Moderna submitted an application and data for a booster, but as featureless noted studies showed its efficacy after two doses didn't degrade like Pfizer.
It was a constant refrain from federal health officials after the coronavirus vaccines were authorized: These shots are all equally effective.
That has turned out not to be true.
Roughly 221 million doses of the Pfizer-BioNTech vaccine have been dispensed thus far in the United States, compared with about 150 million doses of Moderna’s vaccine. In a half-dozen studies published over the past few weeks, Moderna’s vaccine appeared to be more protective than the Pfizer-BioNTech vaccine in the months after immunization.

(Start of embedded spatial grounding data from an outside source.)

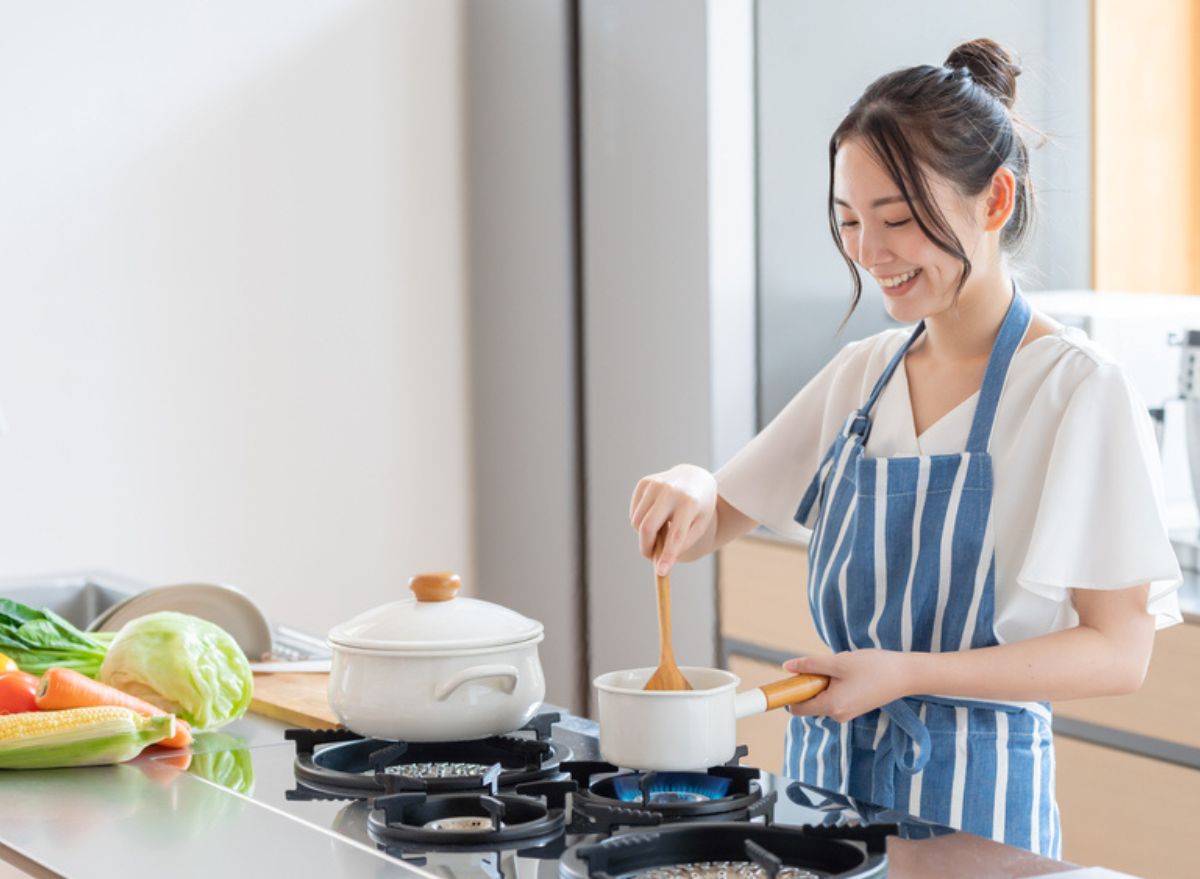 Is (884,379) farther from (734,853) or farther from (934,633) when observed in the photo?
(734,853)

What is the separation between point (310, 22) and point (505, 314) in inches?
31.6

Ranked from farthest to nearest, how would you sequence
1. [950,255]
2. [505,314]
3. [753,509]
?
1. [505,314]
2. [753,509]
3. [950,255]

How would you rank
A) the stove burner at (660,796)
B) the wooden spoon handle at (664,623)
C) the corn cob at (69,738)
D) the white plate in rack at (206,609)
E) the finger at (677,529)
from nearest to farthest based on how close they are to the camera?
1. the stove burner at (660,796)
2. the wooden spoon handle at (664,623)
3. the corn cob at (69,738)
4. the finger at (677,529)
5. the white plate in rack at (206,609)

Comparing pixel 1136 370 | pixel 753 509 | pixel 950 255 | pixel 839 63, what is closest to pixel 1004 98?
pixel 950 255

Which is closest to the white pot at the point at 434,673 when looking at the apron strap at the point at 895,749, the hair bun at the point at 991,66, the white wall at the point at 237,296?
the apron strap at the point at 895,749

The latest such study, published on Wednesday in The New England Journal of Medicine, evaluated the real-world effectiveness of the vaccines at preventing symptomatic illness in about 5,000 health care workers in 25 states. The study found that the Pfizer-BioNTech vaccine had an effectiveness of 88.8 percent, compared with Moderna’s 96.3 percent.
Research published on Friday by the Centers for Disease Control and Prevention found that the efficacy of the Pfizer-BioNTech vaccine against hospitalization fell from 91 percent to 77 percent after a four-month period following the second shot. The Moderna vaccine showed no decline over the same period.

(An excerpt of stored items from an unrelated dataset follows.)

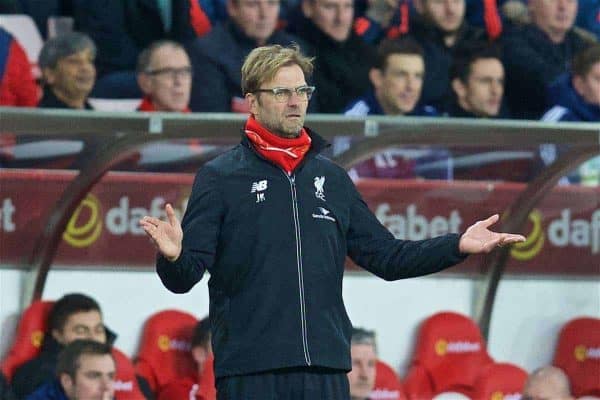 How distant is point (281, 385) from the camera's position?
4371 mm

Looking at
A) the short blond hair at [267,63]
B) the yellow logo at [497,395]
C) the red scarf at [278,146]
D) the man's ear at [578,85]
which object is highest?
the man's ear at [578,85]

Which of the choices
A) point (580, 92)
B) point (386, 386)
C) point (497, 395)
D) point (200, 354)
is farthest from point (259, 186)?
point (580, 92)

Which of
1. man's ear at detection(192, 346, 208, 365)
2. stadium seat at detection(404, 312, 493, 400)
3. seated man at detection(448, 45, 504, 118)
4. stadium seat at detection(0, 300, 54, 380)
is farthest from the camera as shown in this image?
seated man at detection(448, 45, 504, 118)

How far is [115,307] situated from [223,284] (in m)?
3.34

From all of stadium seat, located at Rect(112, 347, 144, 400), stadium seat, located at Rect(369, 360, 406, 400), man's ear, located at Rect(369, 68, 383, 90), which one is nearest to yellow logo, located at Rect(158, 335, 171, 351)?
stadium seat, located at Rect(112, 347, 144, 400)

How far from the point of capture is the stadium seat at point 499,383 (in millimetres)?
8070

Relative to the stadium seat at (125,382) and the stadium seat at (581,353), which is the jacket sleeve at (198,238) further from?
the stadium seat at (581,353)

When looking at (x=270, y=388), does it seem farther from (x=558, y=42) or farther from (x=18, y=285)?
(x=558, y=42)

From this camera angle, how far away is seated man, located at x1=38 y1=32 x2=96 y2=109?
25.9 feet

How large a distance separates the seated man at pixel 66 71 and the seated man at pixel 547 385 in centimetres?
Result: 261

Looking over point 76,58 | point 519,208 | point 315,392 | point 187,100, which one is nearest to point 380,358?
point 519,208

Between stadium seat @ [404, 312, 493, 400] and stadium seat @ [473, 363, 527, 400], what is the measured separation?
0.06 metres

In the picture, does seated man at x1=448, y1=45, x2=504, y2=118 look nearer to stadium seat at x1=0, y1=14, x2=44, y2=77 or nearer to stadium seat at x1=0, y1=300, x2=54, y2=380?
stadium seat at x1=0, y1=14, x2=44, y2=77

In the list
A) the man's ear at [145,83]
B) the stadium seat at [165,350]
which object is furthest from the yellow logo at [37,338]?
the man's ear at [145,83] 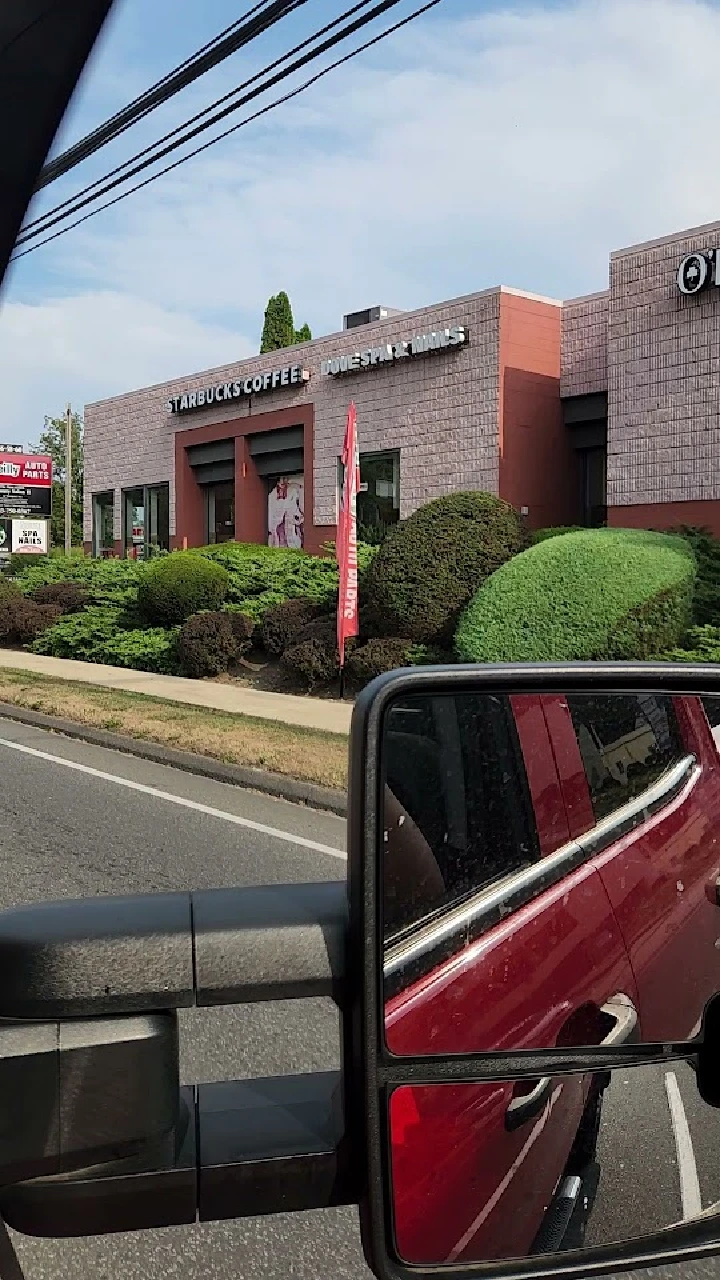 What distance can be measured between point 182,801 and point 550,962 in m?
7.28

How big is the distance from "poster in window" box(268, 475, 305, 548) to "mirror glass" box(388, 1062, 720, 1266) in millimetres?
23297

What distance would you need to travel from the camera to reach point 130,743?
10836mm

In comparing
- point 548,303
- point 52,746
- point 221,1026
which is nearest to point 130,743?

The two vaccines have diverged more sharply in their efficacy against infection. Protection from both waned over time, particularly after the arrival of the Delta variant, but the Pfizer-BioNTech vaccine’s values fell lower. In two of the recent studies, the Moderna vaccine did better at preventing illness by more than 30 percentage points.
A few studies found that the levels of antibodies produced by the Pfizer-BioNTech vaccine were one-third to one-half those produced by the Moderna vaccine. Yet that decrease is trivial, Dr. Moore said: For comparison, there is a more than 100-fold difference in the antibody levels among healthy individuals.
Still, other experts said that the corpus of evidence pointed to a disparity that would be worth exploring, at least in people who respond weakly to vaccines, including older adults and immunocompromised people.
“At the end of the day, I do think there are subtle but real differences between Moderna and Pfizer,” Dr. Jeffrey Wilson, an immunologist and physician at the University of Virginia in Charlottesville who was a co-author of one such study, published in JAMA Network Open this month. “In high-risk populations, it might be relevant. It’d be good if people took a close look.”
“Pfizer is a big hammer,” Dr. Wilson added, but “Moderna is a sledgehammer.”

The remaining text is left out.